Blue smoke happens. My truck will start with the blue smoke just above freezing temps and get worse as the temperature plummets. Down around -30C the neighbors' houses start to disappear. If you let the vehicle idle, it will last a long time and if you drive off it will clear up quickly.
This is the way I do it in the cold (see cold above).
This truck is my daily drive and it's parked exposed in the driveway.
I turn the key on and wait 15 - 30 seconds or so. The colder it is, the longer I'll wait. The wait to start light is just another computer generated idiot light. The glow plugs stay powered up well after that lite goes out. Up to 2 minutes. If it has been plugged in, I will use that time to unplug the truck and do what ever with the extension cord.

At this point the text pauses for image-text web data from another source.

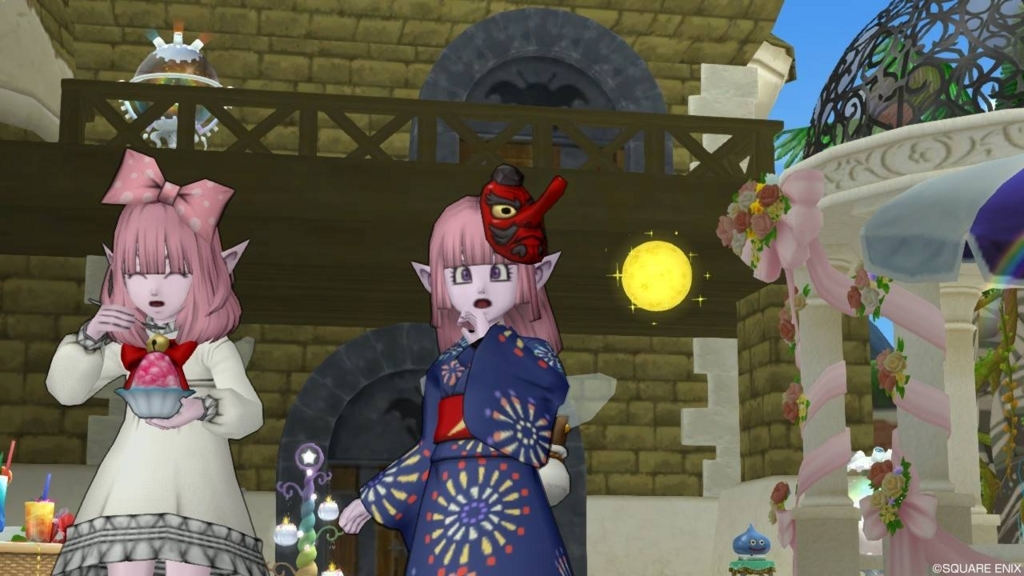 f:id:maxdq10:20170811154622j:plain f:id:maxdq10:20170811154622j:plain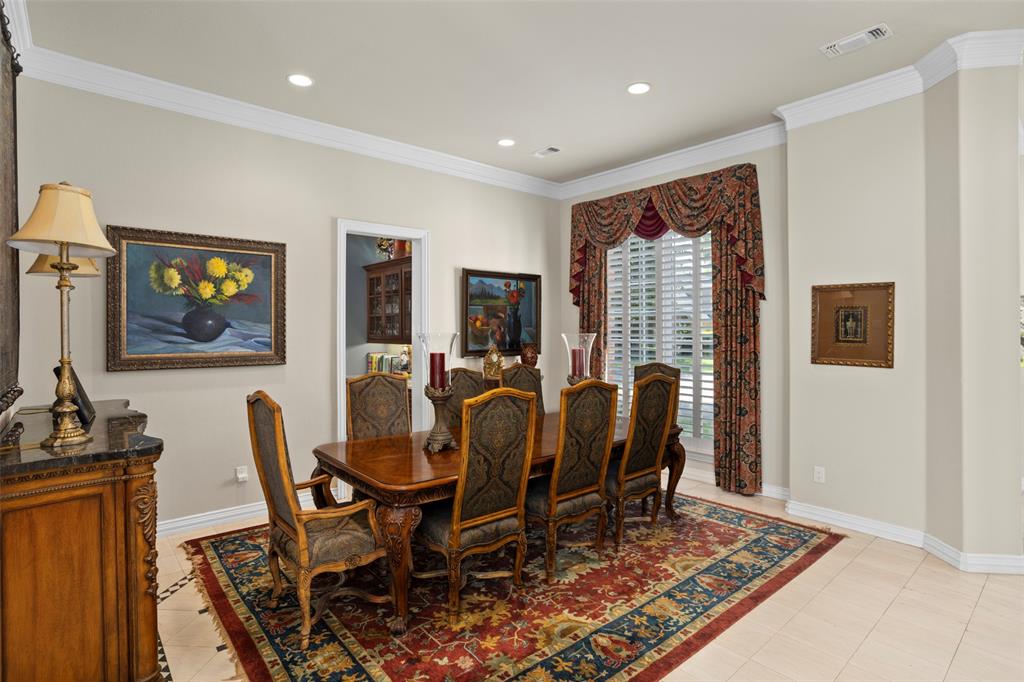 Overton Woods Add - Residential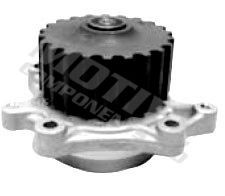 motive Oliepumpe OP405 motive OP405 Integra I Sedan (DA5, DA6, DA7, DA8, DA9, DB1, DB2) Oliepumpe pris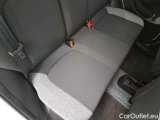  Fiat  Panda FIAT  / 2011 / 5P / BERLINA 1.0 70CV SeS HYBRID CITY LIFE #16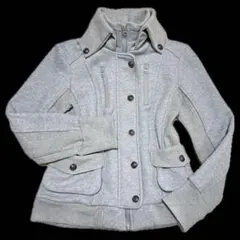 Item thumbnail for item 2a1e5342-710c-441f-bfe6-a1834d229eb0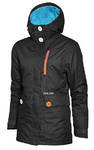 Colour Wear Wmn´s Cargo jacket 2011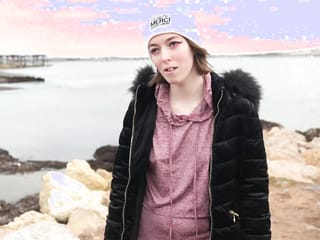Daisy, 25 anni, sesso iperattivo!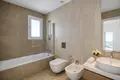 Квартира 3 спальни 158 м² муниципалитет Лимасол, Кипр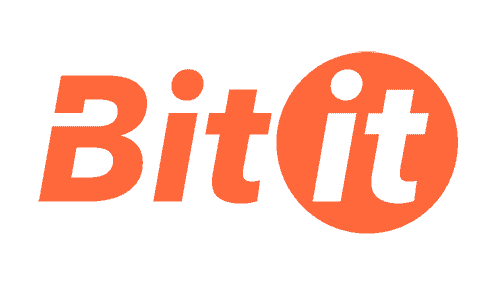Bitit es un exchange de criptomonedas que busca manejar el mayor número posible de monedas fiduciarias e idiomas para ampliar el mercado y hacerlo accesible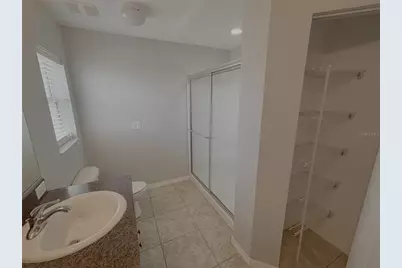 9965 SW 55th Avenue Road, Ocala, FL 34476 - Photo 15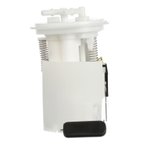 Delphi FG1566 Fuel Pump Module Assembly - view 4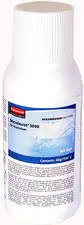 Rubbermaid Désodorisant Aérosol "Ice Age", 75 ml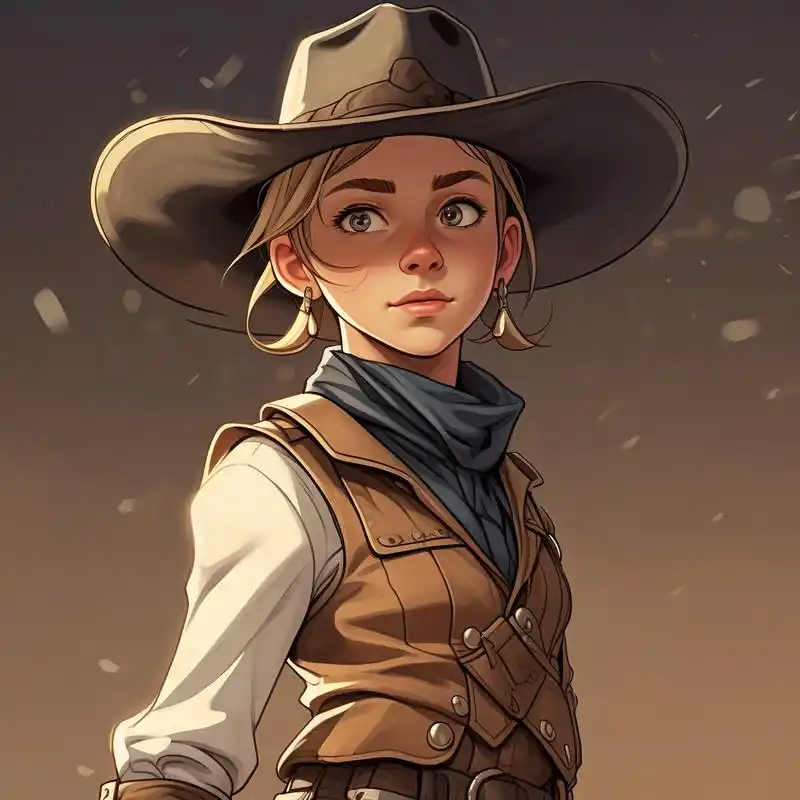 Marcia Kitty (dssjji66644.lens) Lens social identity (.lens handle) PFP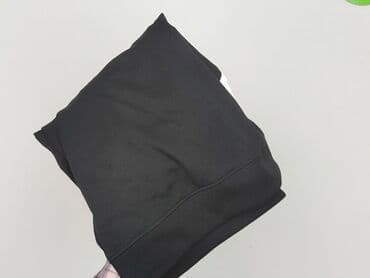 gap sweter: Nike, Bluza dla mężczyzn, M — 7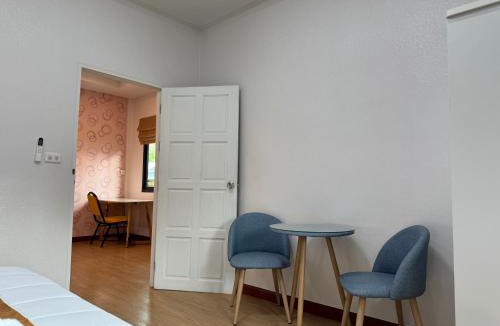 Cha-am Hotel | Big Bear Resort Cha-Am หมีใหญ่รีสอร์ทชะอำ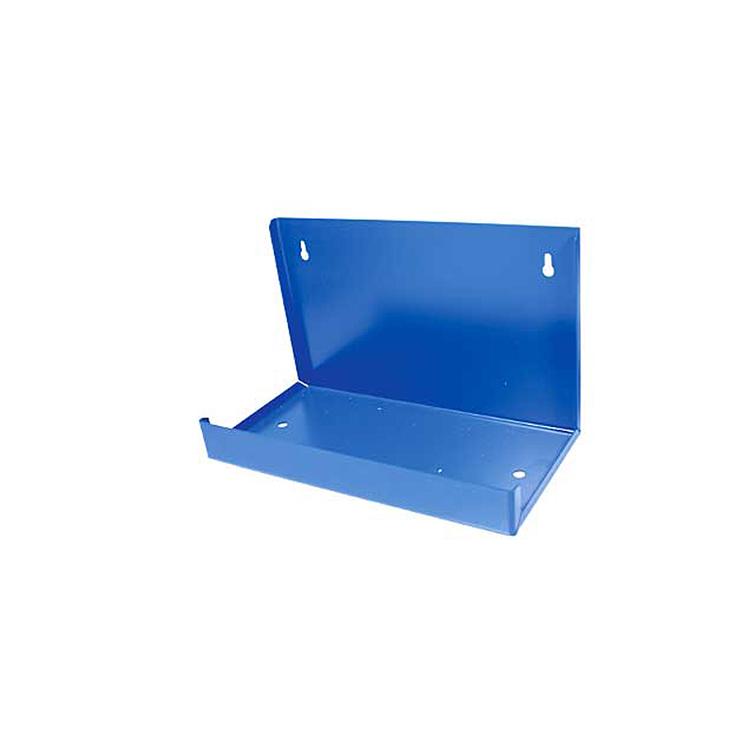 Teline kutistesukkalaatikoille 325x200x170mm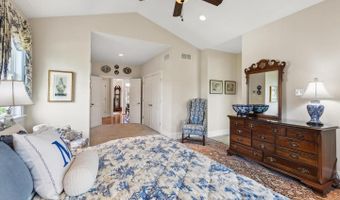 34962 ROYAL TROON Cir, Dagsboro, DE 19939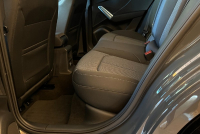 アウディ Q2 中古車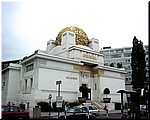 2960-Diego-B-P-V-Viena-Seccesion.jpg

The truck usually starts right up. May rock, roll and rattle a bit, but it starts. If yours get the romps, change oil. My truck will start cold soaked at -30C unaided with 10W30 dino oil. Done that on more than one occasion. And why not? Ford's manual says it will.

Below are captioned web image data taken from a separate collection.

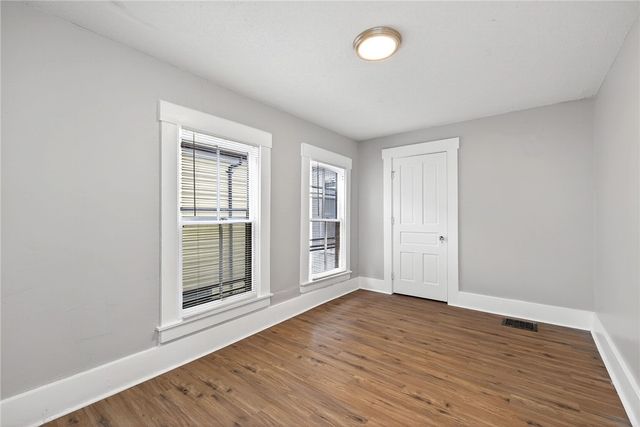 820 Dayton Street, Hamilton, OH 45011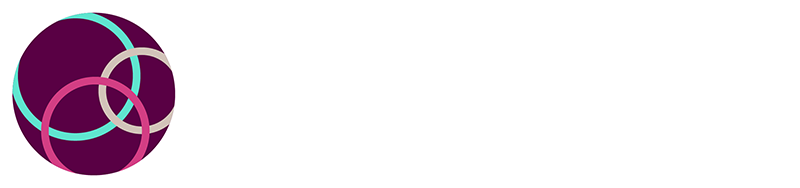 PROFESSIONAL CONVENTION MANAGEMENT ASSOCIATION logo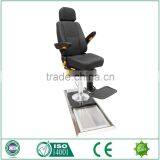 China Supplier Pneumatic Lifting Type Driving Boat Seat,marine Seat for Sale thumbnail-1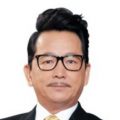 秋霞理论影院福利院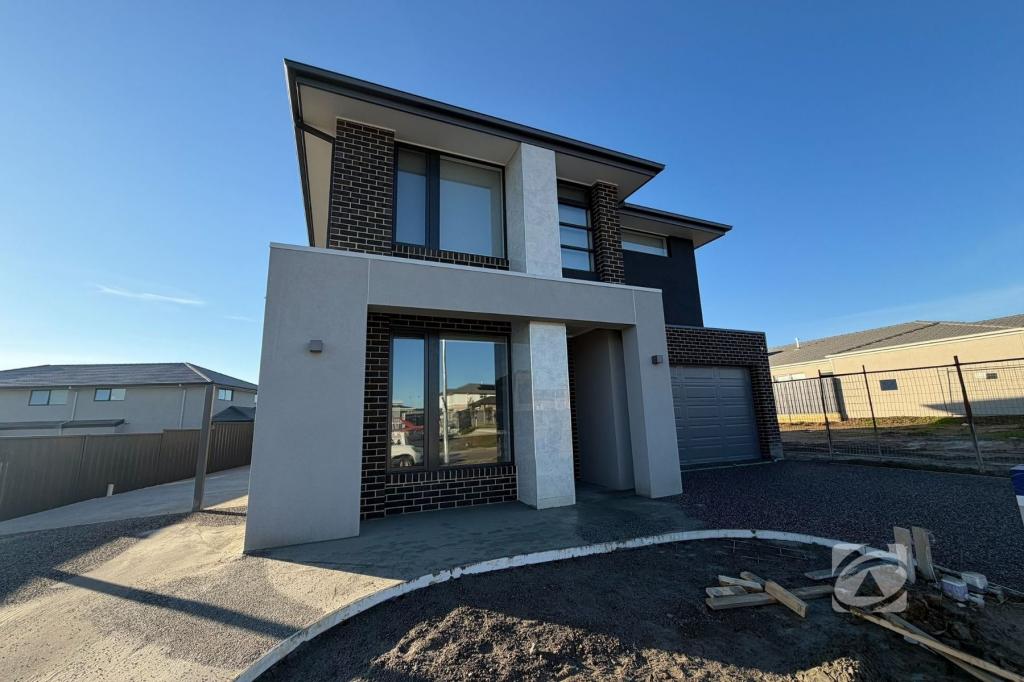 11 Noack Ave, Nar Nar Goon, VIC 3812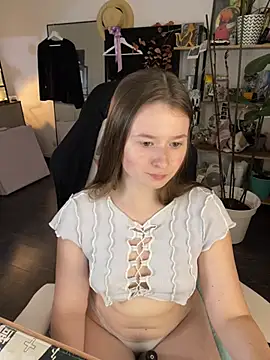 sweetest_pie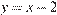 http://sdamgia.ru/formula/b5/b51e428b761c86f11ade9122a597279bp.png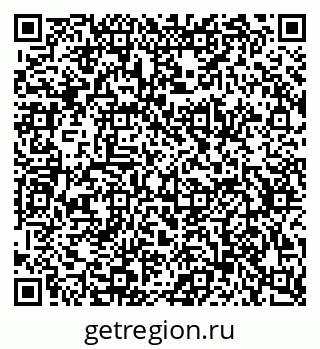 79634772857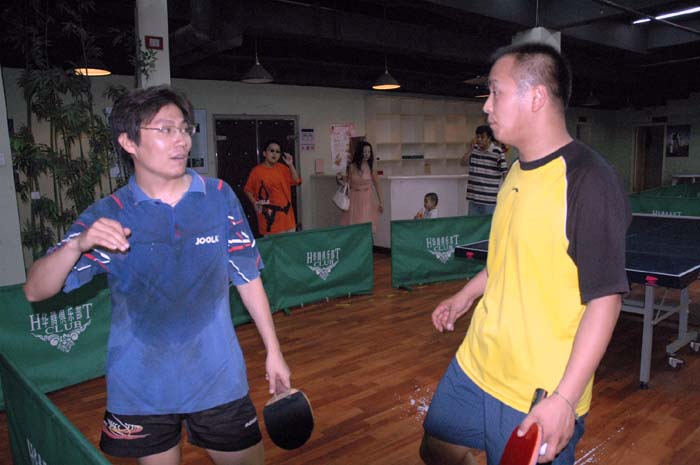 [��ͼ]7��2�գ����գ���Ӣ�������ֲ����ʵ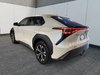 2024 Toyota BZ4X XLE AWD TOIT-PANORAMIQUE-3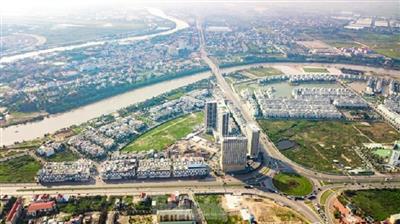 Mọi tranh chấp đất đai buộc phải hòa giải trước khi ra tòa theo Luật mới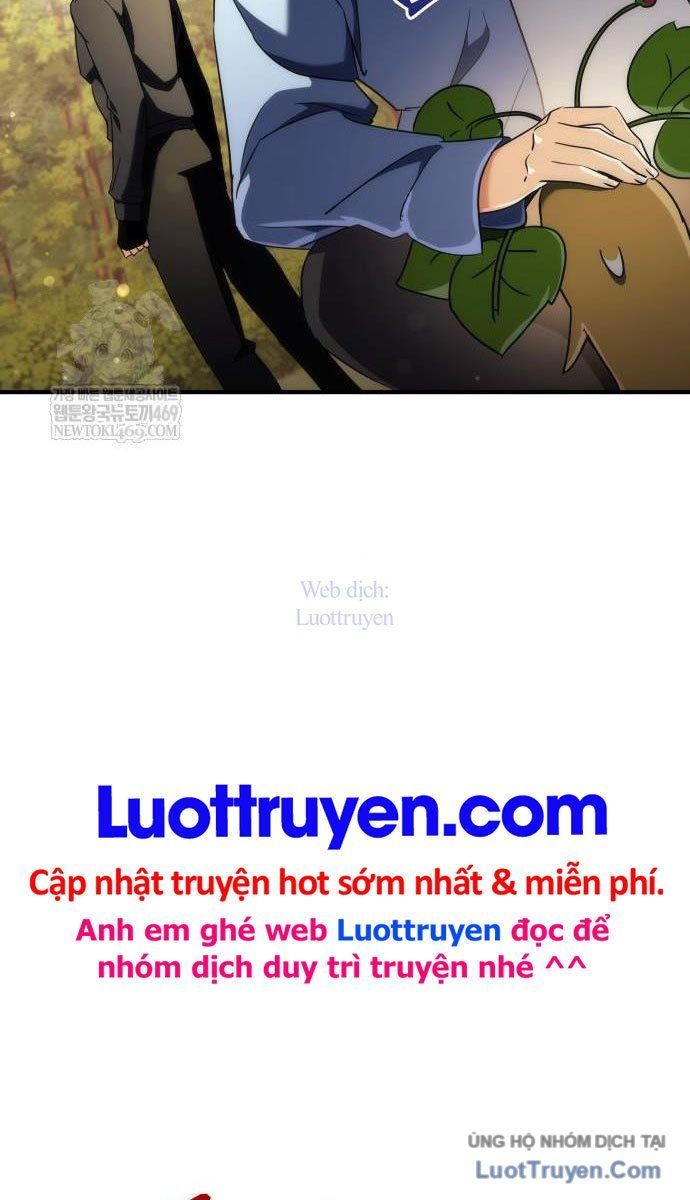 Thần Thịnh Vượng - Chapter 16 - Page 133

I don't let it idle any longer than it takes me to clean the ice and snow off the windows. Won't be going anywhere fast. The drive train is stiff as all get out and it going to take some power to move it. Letting it sit and idle in the driveway isn't going to help that. If it is really cold and stiff, I plan my route down residential streets so I can keep the rpm down to around 1,700 until I see the temp gage coming up and then keep it under 2,000 rpm until it is up in the operating range. With the engine working somewhat hard, it doesn't take very long. A mile or so.
This diesel has been better in the cold than any gasser I have owned. Starts better and warms up quicker.
Just a reminder – If you do a lot of stop and go driving and the engine doesn't get up to and stay at operating temperatures for a good length of time, it is considered severe service duty. You need to change oil more frequently.